(Collected data)
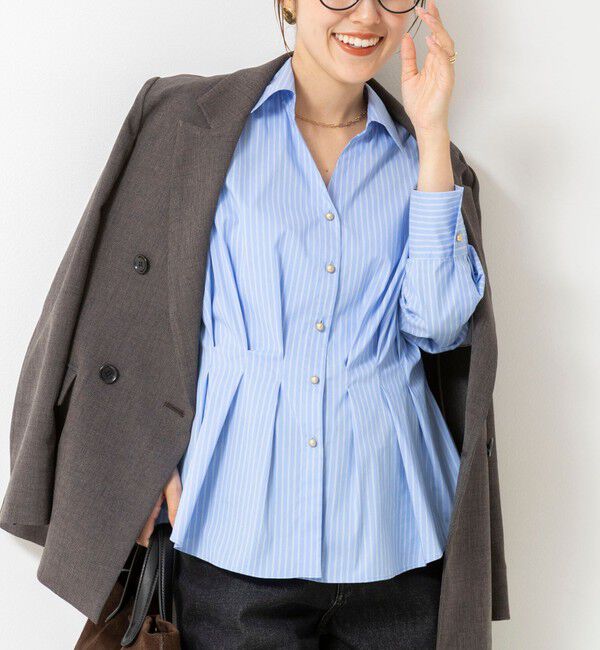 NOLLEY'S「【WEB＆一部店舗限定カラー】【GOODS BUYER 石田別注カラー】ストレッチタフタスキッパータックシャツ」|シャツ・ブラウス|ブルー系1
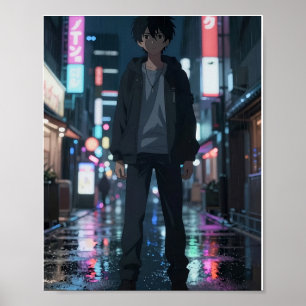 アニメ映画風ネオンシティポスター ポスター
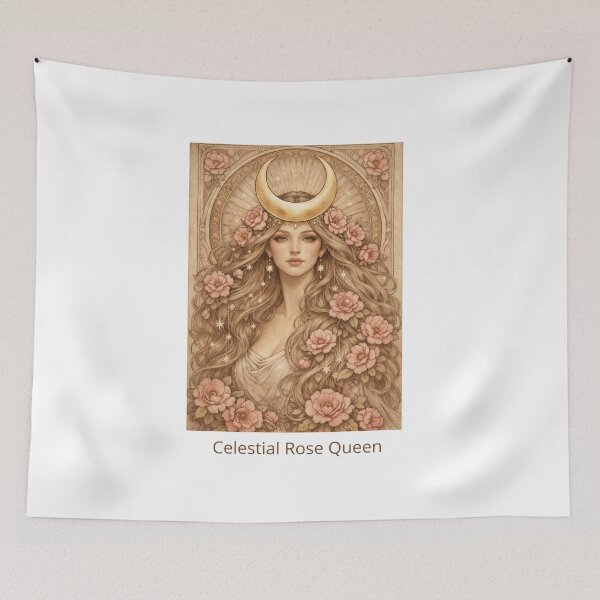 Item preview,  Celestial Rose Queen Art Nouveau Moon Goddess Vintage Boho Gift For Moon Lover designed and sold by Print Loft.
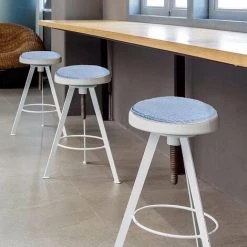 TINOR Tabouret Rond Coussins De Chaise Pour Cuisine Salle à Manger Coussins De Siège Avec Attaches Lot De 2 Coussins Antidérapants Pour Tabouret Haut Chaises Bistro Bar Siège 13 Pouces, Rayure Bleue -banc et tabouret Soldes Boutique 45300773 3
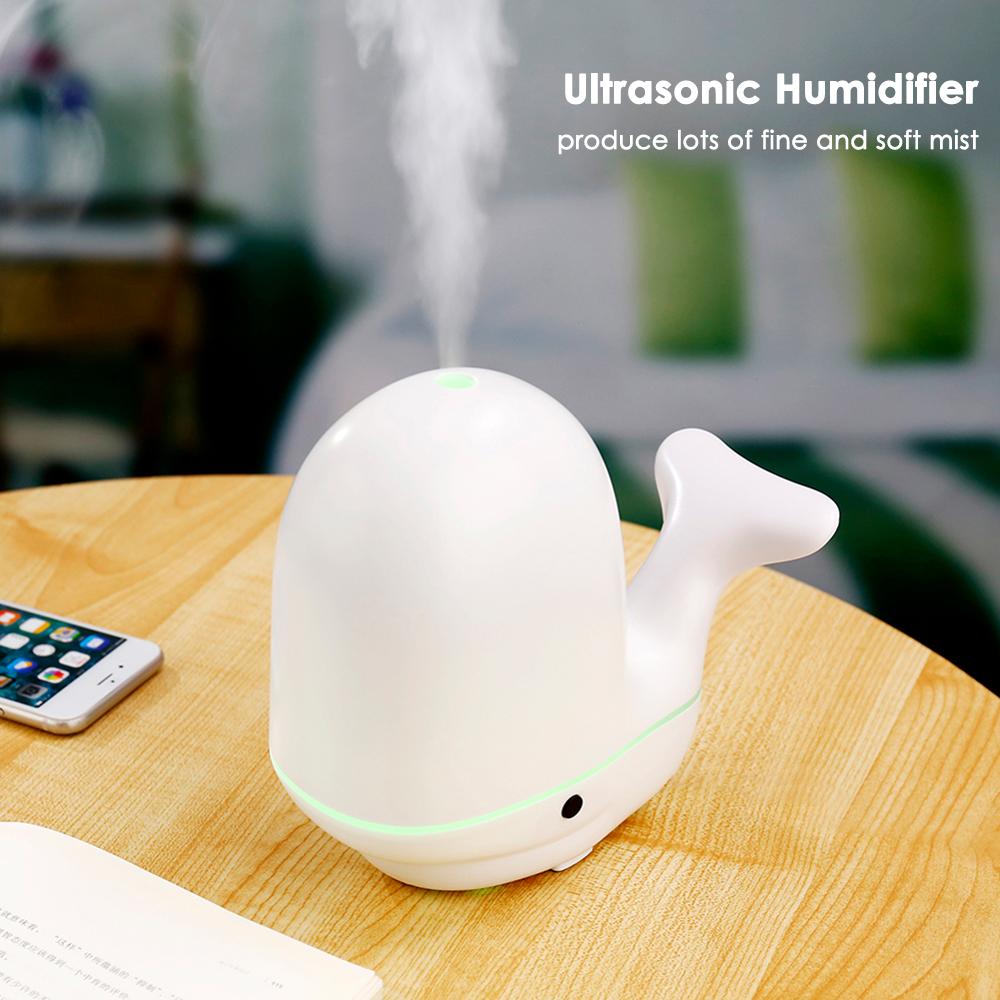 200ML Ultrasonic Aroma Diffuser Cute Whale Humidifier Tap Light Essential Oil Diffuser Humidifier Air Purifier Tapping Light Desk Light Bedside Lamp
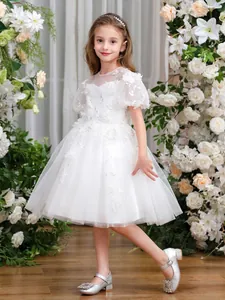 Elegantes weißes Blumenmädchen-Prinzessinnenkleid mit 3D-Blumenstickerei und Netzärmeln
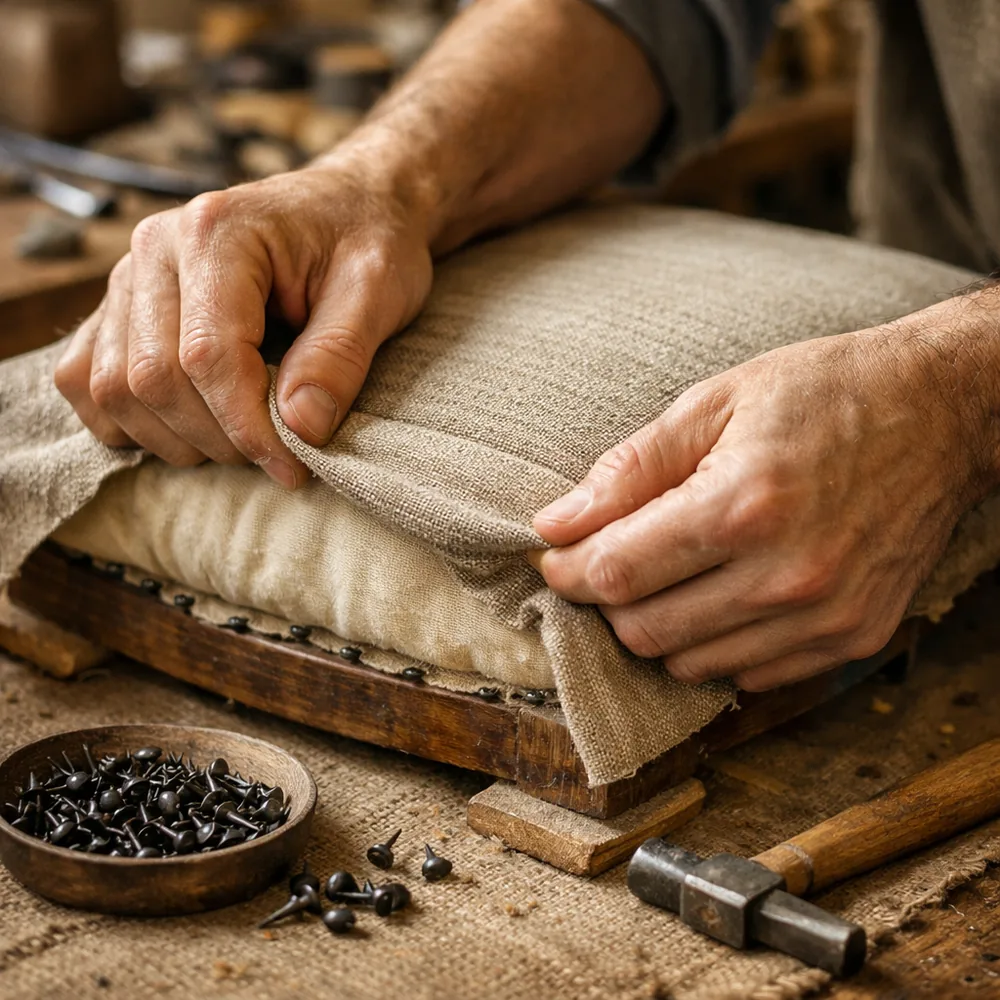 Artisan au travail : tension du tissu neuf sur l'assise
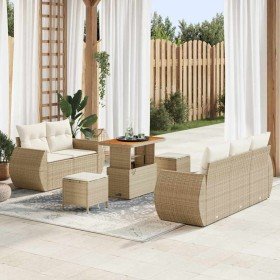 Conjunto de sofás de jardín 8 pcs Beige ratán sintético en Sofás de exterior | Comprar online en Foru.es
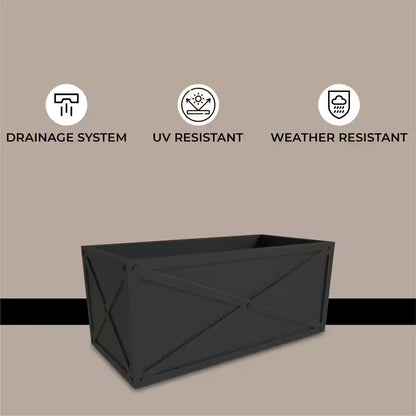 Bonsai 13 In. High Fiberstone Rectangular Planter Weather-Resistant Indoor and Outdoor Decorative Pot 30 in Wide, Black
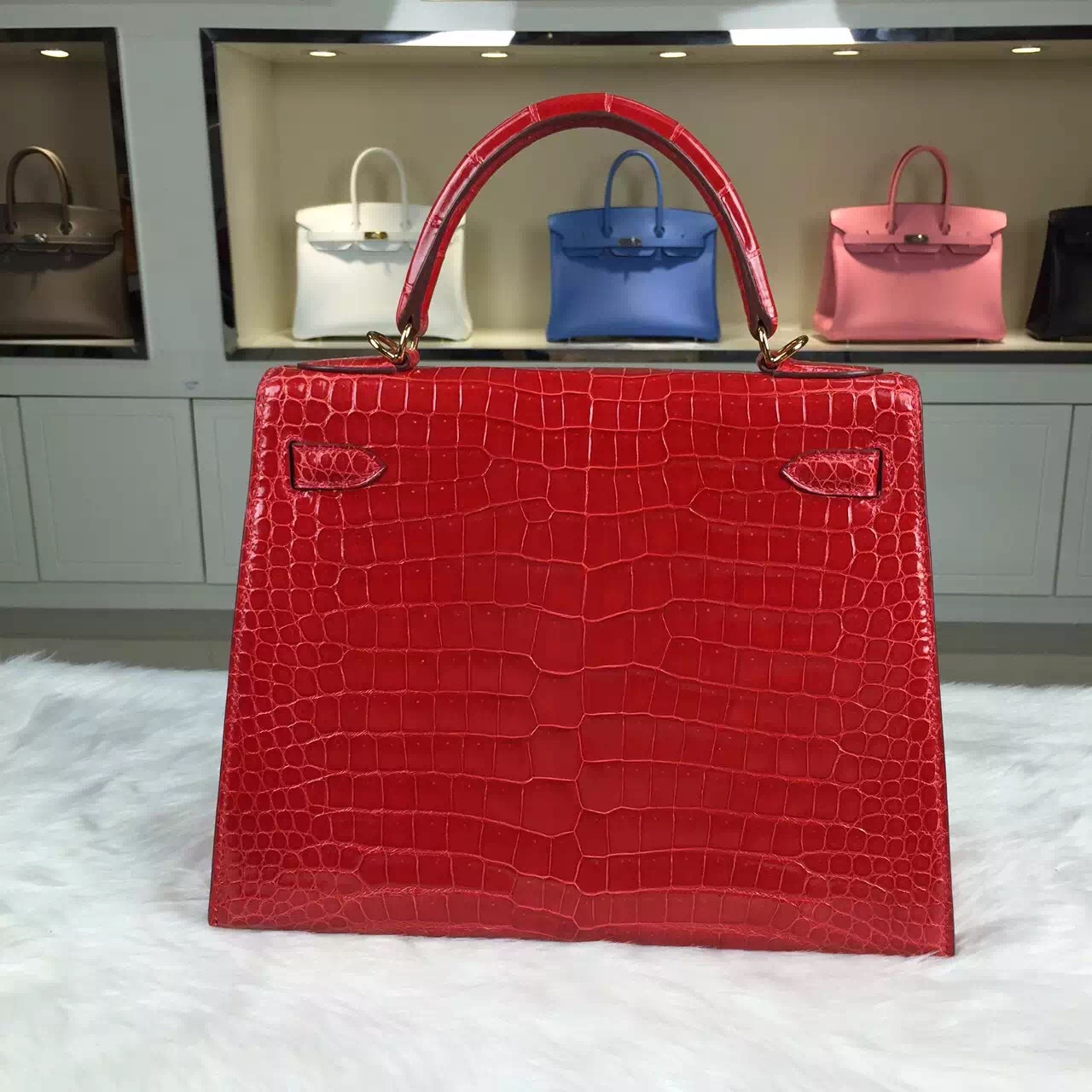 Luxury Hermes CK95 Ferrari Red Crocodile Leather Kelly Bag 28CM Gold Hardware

*Problem statement*. No pictures belong in the copy: reproduce exactly the lines above from the one that contains "Bonsai 13 In." through the last line of the entries.

*Solution below*.
 Bonsai 13 In. High Fiberstone Rectangular Planter Weather-Resistant Indoor and Outdoor Decorative Pot 30 in Wide, Black
 Luxury Hermes CK95 Ferrari Red Crocodile Leather Kelly Bag 28CM Gold Hardware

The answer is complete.